OK, thanks for replying.

What happens if you do tokenizer.tokenize(‘hellocommitted’)
immediately after doing tokenizer.tokenize(‘helloxxxcommitted’)

What is the result of tokenizer.tokenize(‘uncommitted’)

Clearly, it has managed to create the ‘committed’ token, so it seems very odd that it wouldn’t use it except when it arrives with helloxxx. Is that really happening, or is it just that your earlier attempt failed for some reason, ie when you did
tokenizer.add_tokens([ ‘committed’ ])

Maybe it doesn’t like the spaces, or maybe there was a system failure at the wrong moment.

I just noticed something else odd: your last example should have output ‘helloxxx’, ‘##committed’ (if the ‘committed’ token has been added at all). Are you sure that’s what it said?

On a different tack, what do you mean by “deal with hashtags” ? Are you using twitter data? What does your bert model currently do with # inputs? Are you sure that that wouldn’t be fine? Do you have enough data to retrain the model to deal with the new ‘committed’ token? (see the answer to this post ). Could you preprocess all your input data so that the input # characters become something else that doesn’t have a special meaning within transformers?

Thanks for your help!

Here are all outputs & commands you mentioned:

from transformers import BertTokenizer
tokenizer = BertTokenizer.from_pretrained(‘bert-base-uncased’)
num = tokenizer.add_tokens([‘helloxxx’, ‘committed’])
[‘helloxxx’, ‘committed’]

[‘hello’, ‘##com’, ‘##mit’, ‘##ted’]

[‘un’, ‘##com’, ‘##mit’, ‘##ted’]

The reason it does not work is that the tokenizer already has the word commited, hence it does not add it, even though I’d like to add it as an additional substring.

By dealing with hashtags, I mean that I have words like this: #justnorthkoreathings and they get tokenized as: [’#’, ‘just’, ‘##nor’, ‘##th’, ‘##kor’, ‘##ea’, ‘##thing’, ‘##s’]. While I have a lot of confidence in BERT, I doubt this tokenization is a very good signal, as a) BERT is pretrained on Wikipedia articles & books where hashtags aren’t the norm b) I’d argue that attention is at its best, the fewer words it needs to combine - here it needs to combine 4 elements to understand north korea…

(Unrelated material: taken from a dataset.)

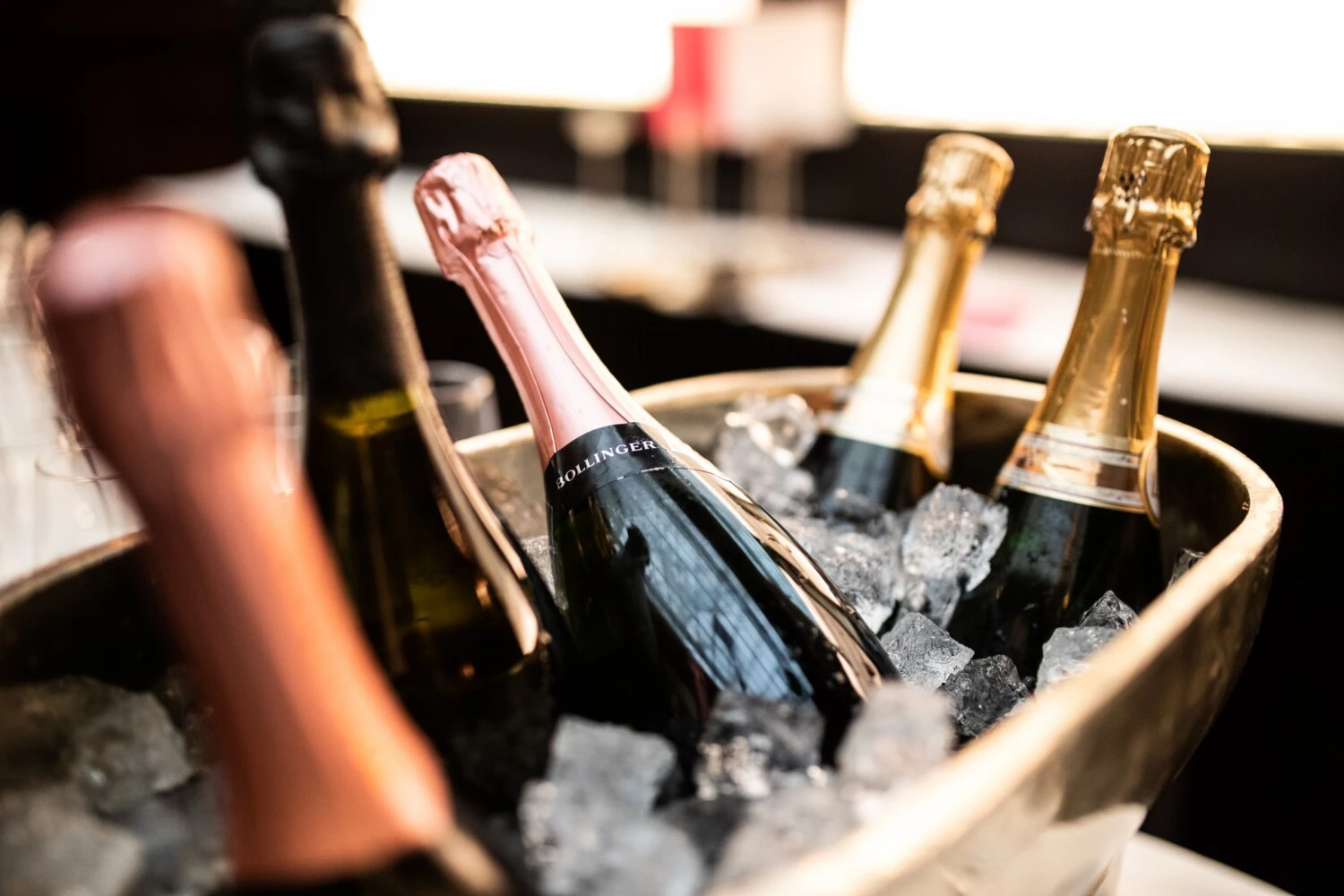 Elegante Champagnerkühlschale aus Metall, die mit Eiswürfeln gefüllt ist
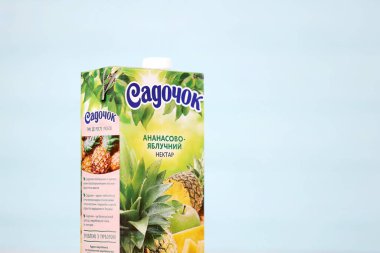 KHARKOV, UKRAINE - 18 Aralık 2020: Sandora şirketinin Sadochok ananas ve elma suyu. Sandora LLC Ukraynalı meyve suyu ve karbonatlı içecek üreticisi. Amerikan PepsiCo şirketine ait.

Would appreciate any tips, how to deal with this!

Hello again, I didn’t quite believe the system would be doing what your data showed, but I’ve checked it myself and it really is! I don’t think it should be working quite like that:
Following an added token, the next token is shown without continuation ## and is a complete word.
(so, as you said, when ‘helloxxx’ is an added token, ‘helloxxxcommitted’ is tokenized as [‘helloxxx’, ‘committed’] )
The same effect happens following a ‘#’ (’#justnorth’ is tokenized as [’#’, ‘just’, ‘##nor’, ‘##th’]).

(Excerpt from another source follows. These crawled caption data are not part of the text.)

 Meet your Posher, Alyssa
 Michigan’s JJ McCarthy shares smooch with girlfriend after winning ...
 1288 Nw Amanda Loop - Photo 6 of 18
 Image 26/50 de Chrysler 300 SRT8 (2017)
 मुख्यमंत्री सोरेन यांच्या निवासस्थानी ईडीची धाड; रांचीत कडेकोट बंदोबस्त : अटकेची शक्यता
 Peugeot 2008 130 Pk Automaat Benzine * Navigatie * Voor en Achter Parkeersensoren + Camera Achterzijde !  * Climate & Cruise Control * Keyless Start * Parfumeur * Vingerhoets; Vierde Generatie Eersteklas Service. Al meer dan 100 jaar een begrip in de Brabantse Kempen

However, that’s no help to you.

It doesn’t seem to be possible to add continuation tokens.

If I were working on this, I would start by considering whether to drop all the hashtags completely. Do they actually add any information that isn’t also in the rest of the tweet?

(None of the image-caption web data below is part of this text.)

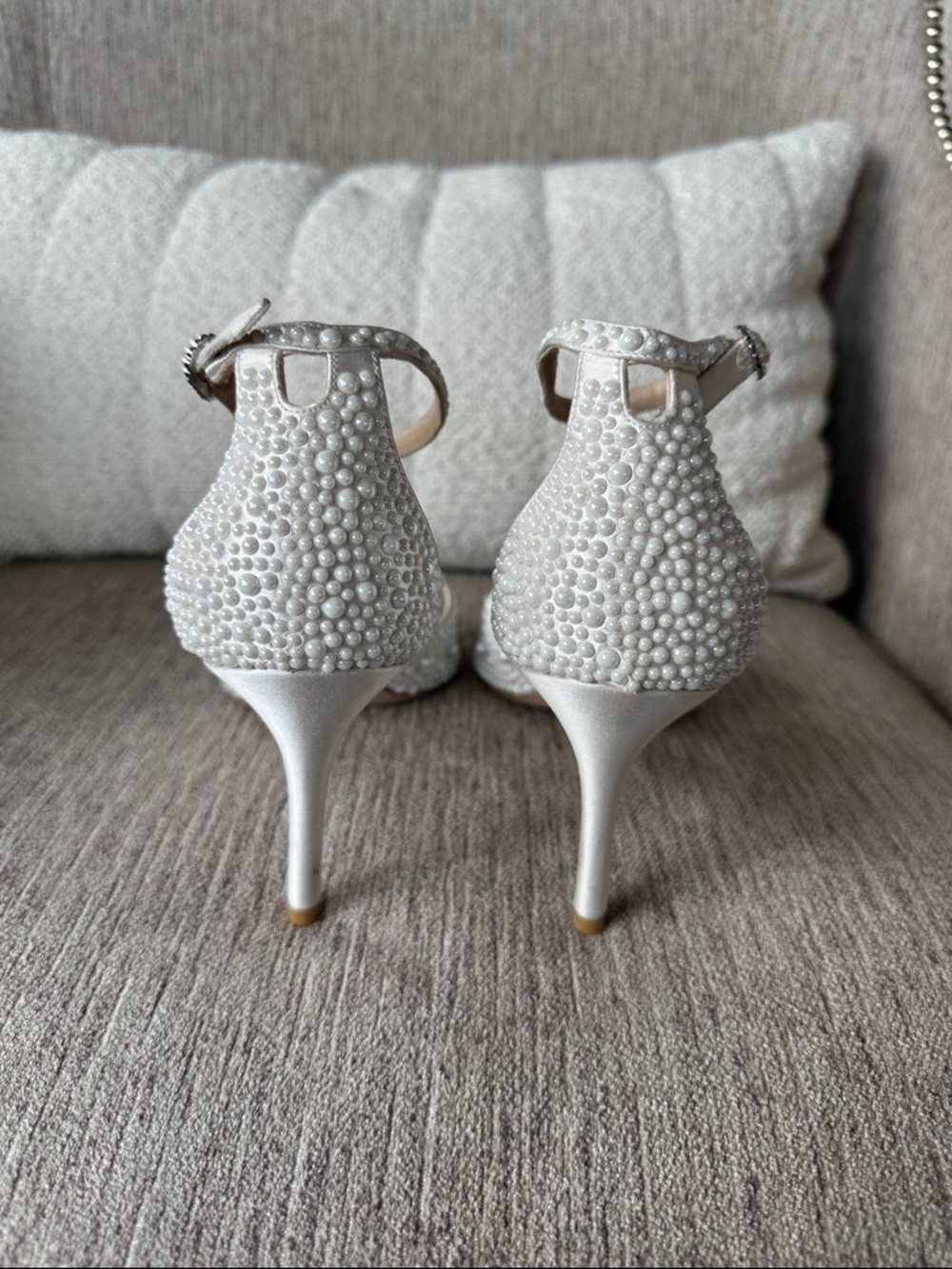 Stuart Weitzman Women's Bliss 75 Sandals Pearl-Embellished White Ankle-Strap Sz9 - Picture 10 of 13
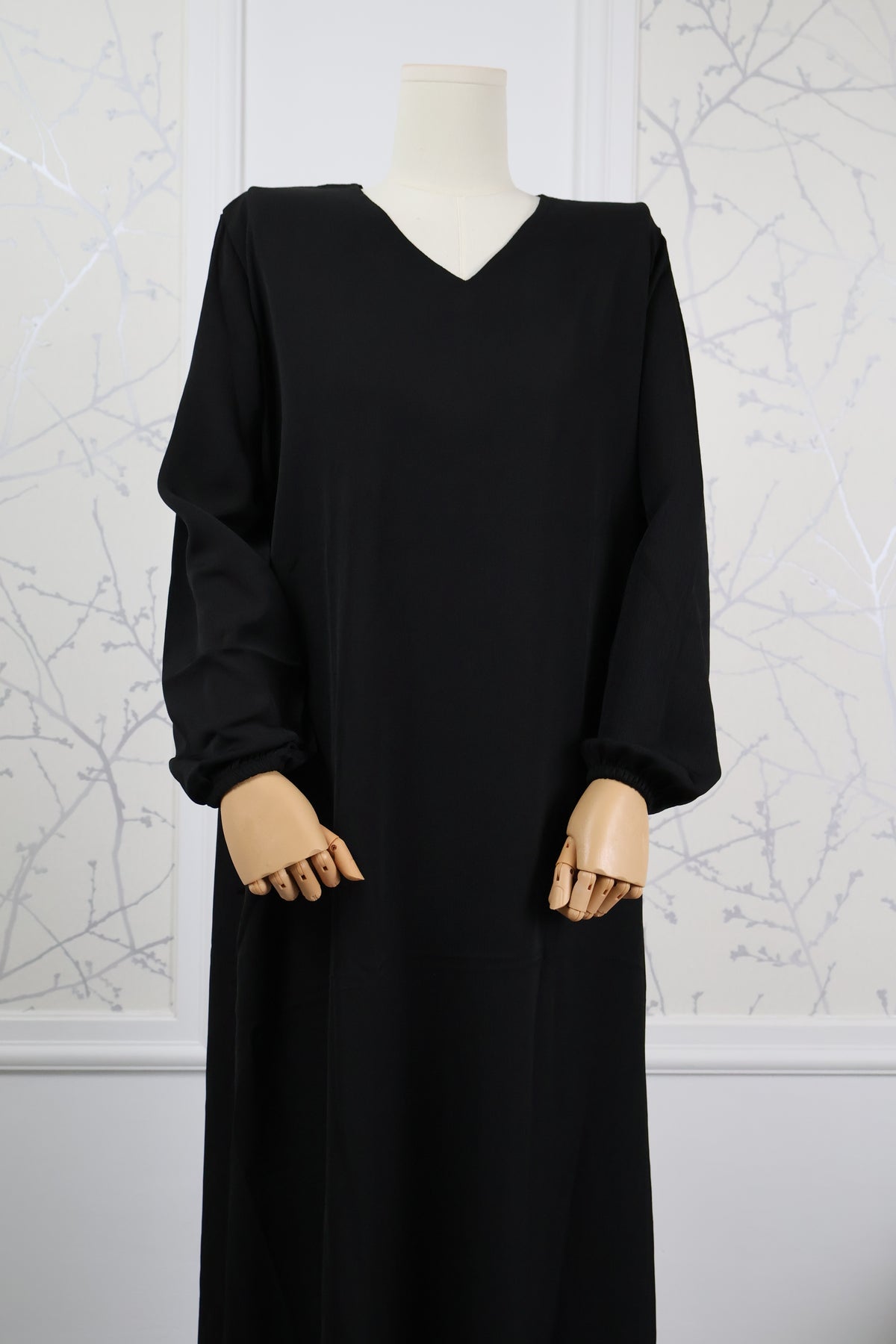 Zwarte abaya van crêpestof met elegante pasvorm - Abaya Basic Zwart Crepe | HBYA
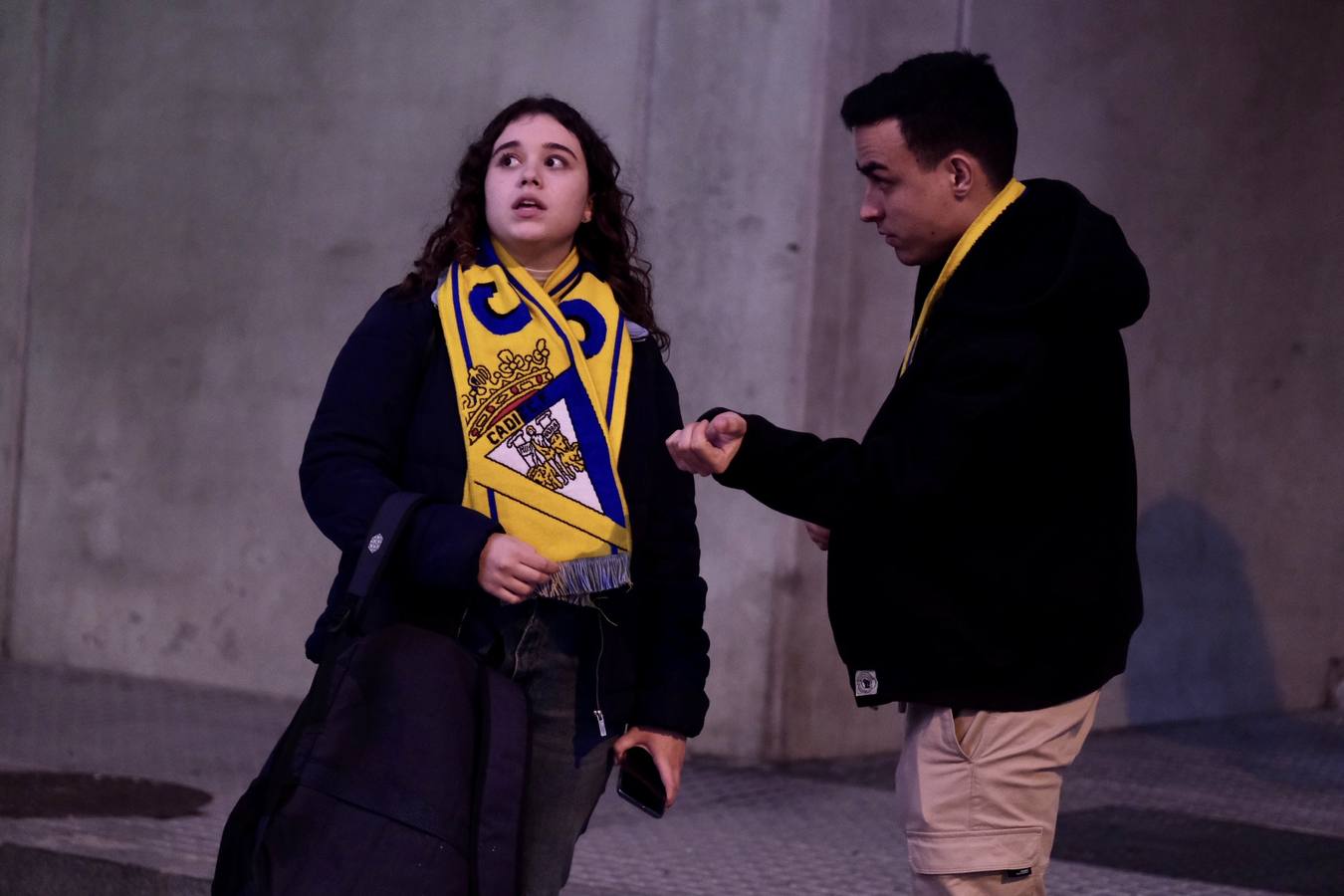 Búscate en la galería: ambiente en el partido Cádiz - Getafe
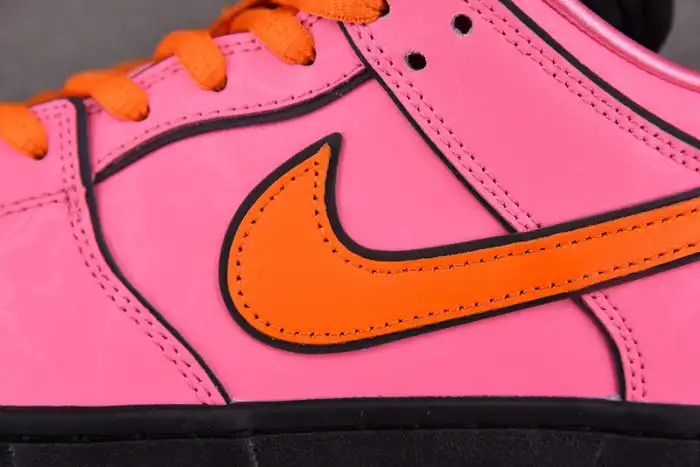 Kick Theory The Powerpuff Girls x Nike SB Dunk Low Blossom FD2631-600 0204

Another possibility would be to replace all of them with a single-word string, such as ‘#hashtag’ .

If I decided the words in the hashtags were required, I would pre-process them before passing them to the tokenizer. One option would be to split them into words. (For partial code for this see eg ). There would then be issues with choosing which of the possible splits, but I expect that choosing the fewest subwords each time would be good enough.

If you have a very small dataset, you might consider replacing the hashtags manually, with meaningful phrases.

I think you are probably correct in thinking that Bert will not have seen ‘nor ##th ##kor ##ea’ very often. On the other hand, it might not have seen ‘north korea’ often enough to develop a particularly useful representation.

If you have a really large dataset, you could train your own tokenizer, including the hashtags in the vocab, but that would be a last resort.

I am not an expert, but I’m not sure that a large number of tokens per word is actually a problem. After all, Bert is used to working with very long strings of tokens, making some kind of overall representation of a text, so it isn’t restricted to single word meanings. If the vocab is only about 30000, then there must be a large number of words that have to be represented by two or more tokens, so Bert must be quite good at dealing with these.